The change is temporary, linked to Arabesque: Arts of the Arab World, the festival of culture from nearly two dozen Arab countries that is filling the center’s theaters and public spaces from late February through much of March.

Symbolism is at work here. Whereas the souk historically was the terminus for caravans and travelers who transported their products across the North African and Middle Eastern landscape, this souk in America’s capital city is the terminus for some 800 artists, many of whom have traveled vast distances to participate in this rare cultural event.

From theatrical monologues to musical ensembles, from adaptations of classical drama to cutting-edge dance, from whirling dervishes to hip-hop, and from the sound of the oud (an Arab stringed instrument) to fusion, plus fashion and food, the range is considerable.

“For me, these are all windows onto the culture of the region,” said Alicia Adams, Kennedy Center vice president for international programming and dance.

Adams spent most of the past 10 years planning the event, traveling to more than a dozen countries for first-hand research. From the outset, it was clear that potential festival performers had to meet the artistic standards of the center, and that the works themselves had to be authentic reflections of the national cultures of their creators.

In that light, the festival has a classical sensibility, bringing timeless traditions to American audiences that may not have been exposed to those perspectives. But new talent and new directions also are very much on view. One example of emerging talent is a young Iraqi pianist, Tami Meekoo, age 17, who performed at a free event in the center’s main foyer.

Eclectic

Another example is Moroccan choreographer Khalid Benghrib’s male contemporary dance troupe, Cie2k_far. Its performers were not trained as dancers, but Adams was determined to include the ensemble, even though it was, as she confessed, “totally unknown in this realm.” Her passion paid off; an enthusiastic review in The New York Times by that newspaper’s dance critic hailed the company for “a worldview that is eclectic, tolerant, good-humored and large-spirited.”

Among the attractions on view — from Syria’s Al-Farah Children’s Choir and Somali hip-hop artist K’NAAN to Lebanon’s Caracalla Dance Theatre (heralded by The Washington Post’s dance critic for its “heart-stealing style”) and the one-man stage show written by Algerian humorist Mourad Senouci and performed by Samir Bouanani — one of the more intriguing is “OMAN … O Man!”

Probing the narrowing of a cultural divide, this dance-driven piece created by American actress/choreographer Debbie Allen features a cast of 30 young performers, 15 of them Omani and the other 15 American. Even more than the composition itself, the actors’ experience visiting each others’ countries has been an eye-opener.

“It has been the opportunity of a lifetime,” said Adams. “What these Americans will have learned and shared with their Arab counterparts will go a long way to tell a story to their parents and friends and teachers and classmates in the future.”
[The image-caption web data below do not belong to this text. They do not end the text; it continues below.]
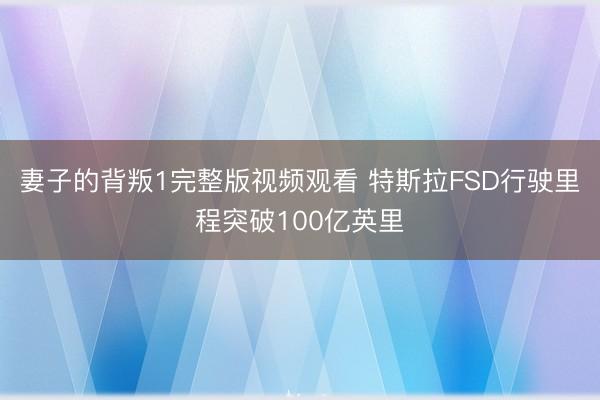 妻子的背叛1完整版视频观看 特斯拉FSD行驶里程突破100亿英里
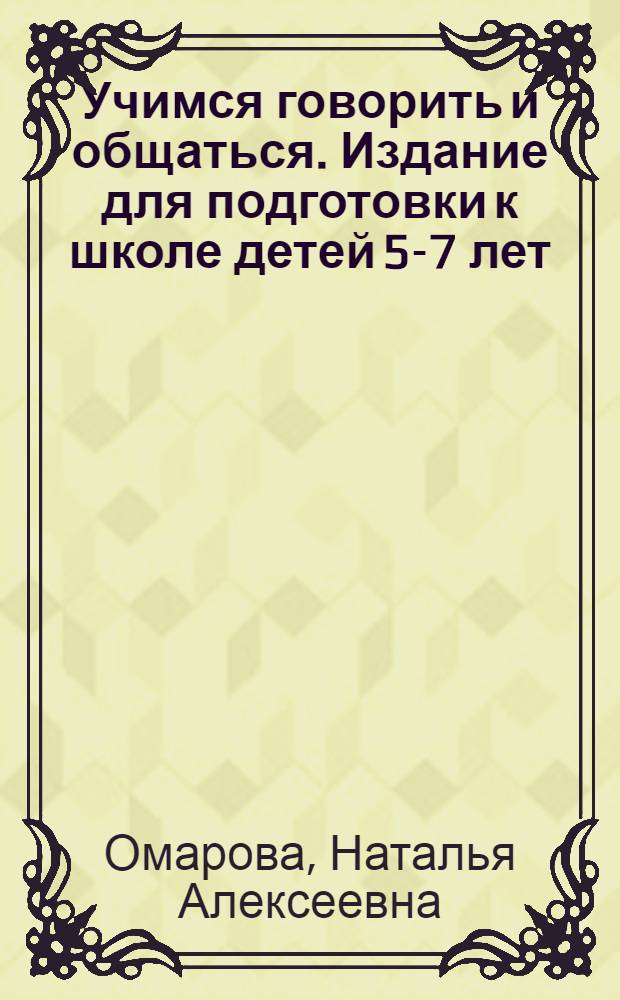 Учимся говорить и общаться. Издание для подготовки к школе детей 5-7 лет : учебно-методическое пособие ; индивидуальная тетрадь на печатной основе
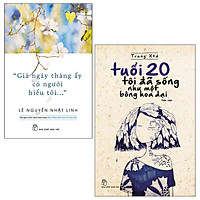 Combo "Giá Ngày Tháng Ấy Có Người Hiểu Tôi..." và Tuổi 20 Tôi Đã Sống Như Một Bông Hoa Dại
In addition to its immersion in the performing arts, Arabesque includes a relatively unscripted component: the spoken word. Besides a roster of readings by Arab authors and tributes to artists such as the late Palestinian poet Mahmoud Darwish and contemporary Egyptian-born novelist Ahdaf Soueif, the festival is sponsoring a series of dialogues among writers on a range of subjects — including the challenges of writing from the perspective of a different gender (“Women Writing Men, Men Writing Women”), as well as discussions of expatriate Arab literature and the role of writers as cultural bridge-builders.
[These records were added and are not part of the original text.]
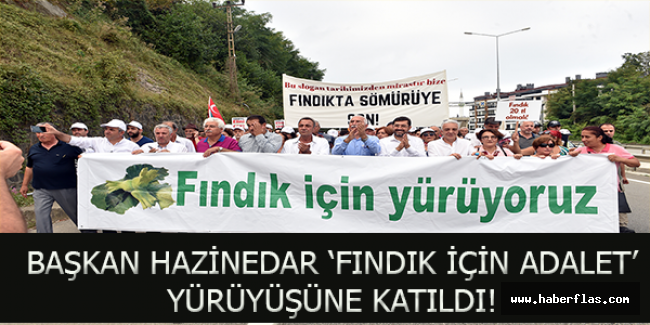 BAŞKAN HAZİNEDAR ‘FINDIK İÇİN ADALET’ YÜRÜYÜŞÜNE KATILDI!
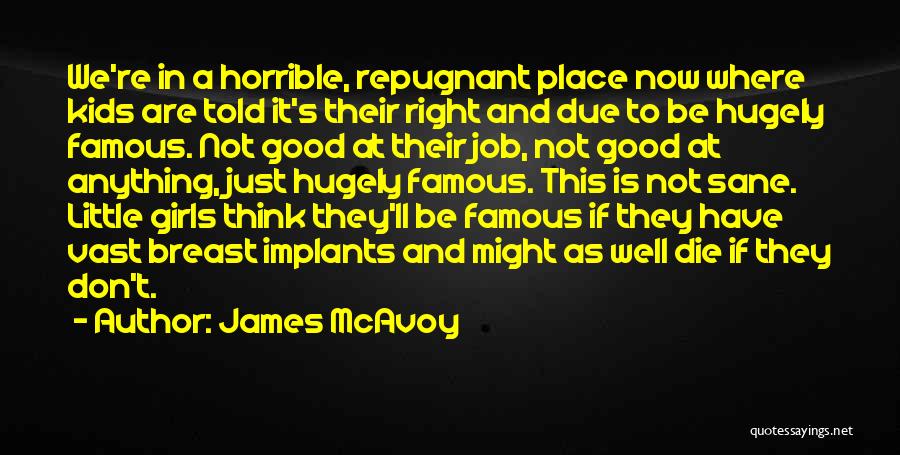 Little Girl Famous Quotes By James McAvoy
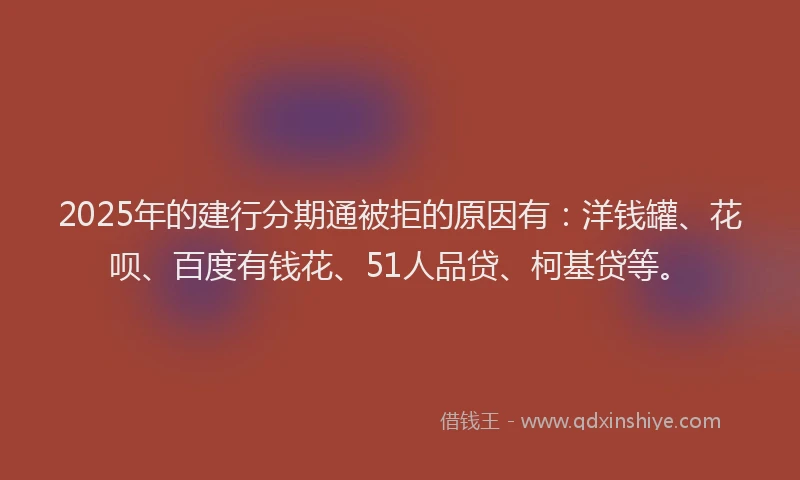 2025年的建行分期通被拒的原因有：洋钱罐、花呗、百度有钱花、51人品贷、柯基贷等。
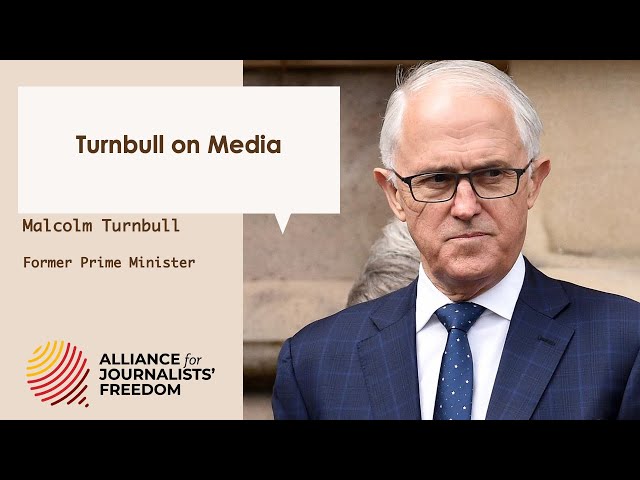 Future of Journalism - Ep 40 - Malcolm Turnbull on the Media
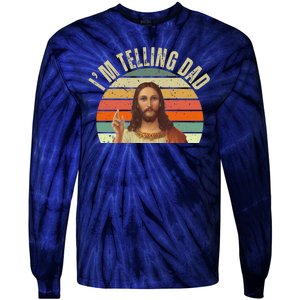 Im Telling Dad Funny Religious Christian Jesus Tie-Dye Long Sleeve Shirt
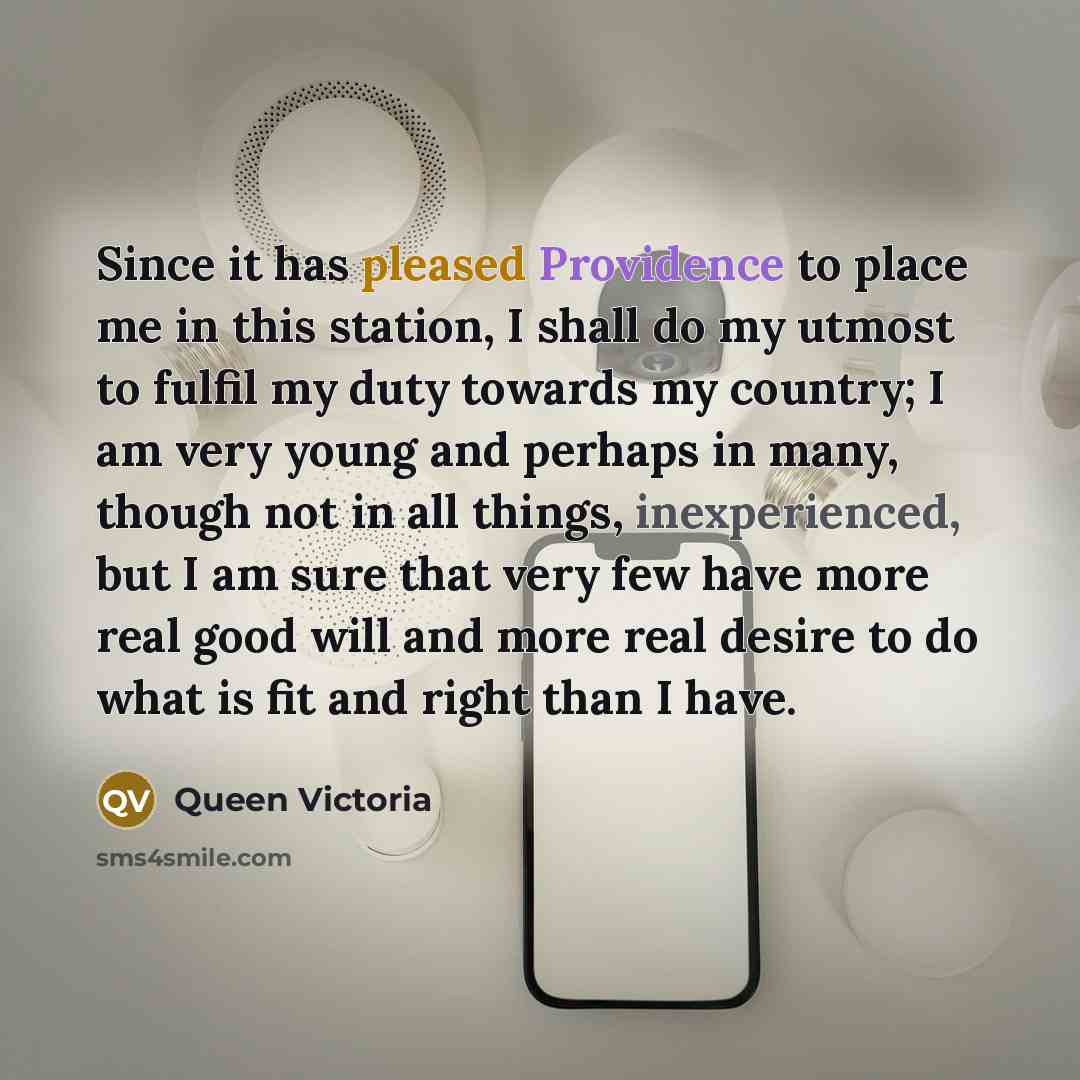 “Since it has pleased Providence to place me in this station, I shall do my utmost to fulfil my duty towards my country; I am very young and perhaps in many, though not in all things, inexperienced, but I am sure that very few have more real good will and more real desire to do what is fit and…” quote by Queen Victoria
This component “adds other voices to the festival,” said Adams. “Also, we hope to give our audiences a glimpse of who these people are and what they’re writing about, to create a thirst for more Arab literature to be available to us.”

As it draws capacity audiences to its “windows onto the culture,” Arabesque truly stands for culture in the broadest sense of the word. Perhaps no clearer evidence of this is the festival’s showing of Exploratorium, a film depicting Arab contributions to society and science during a “golden age” between the eighth and 15th centuries — many of which largely have been forgotten over the years.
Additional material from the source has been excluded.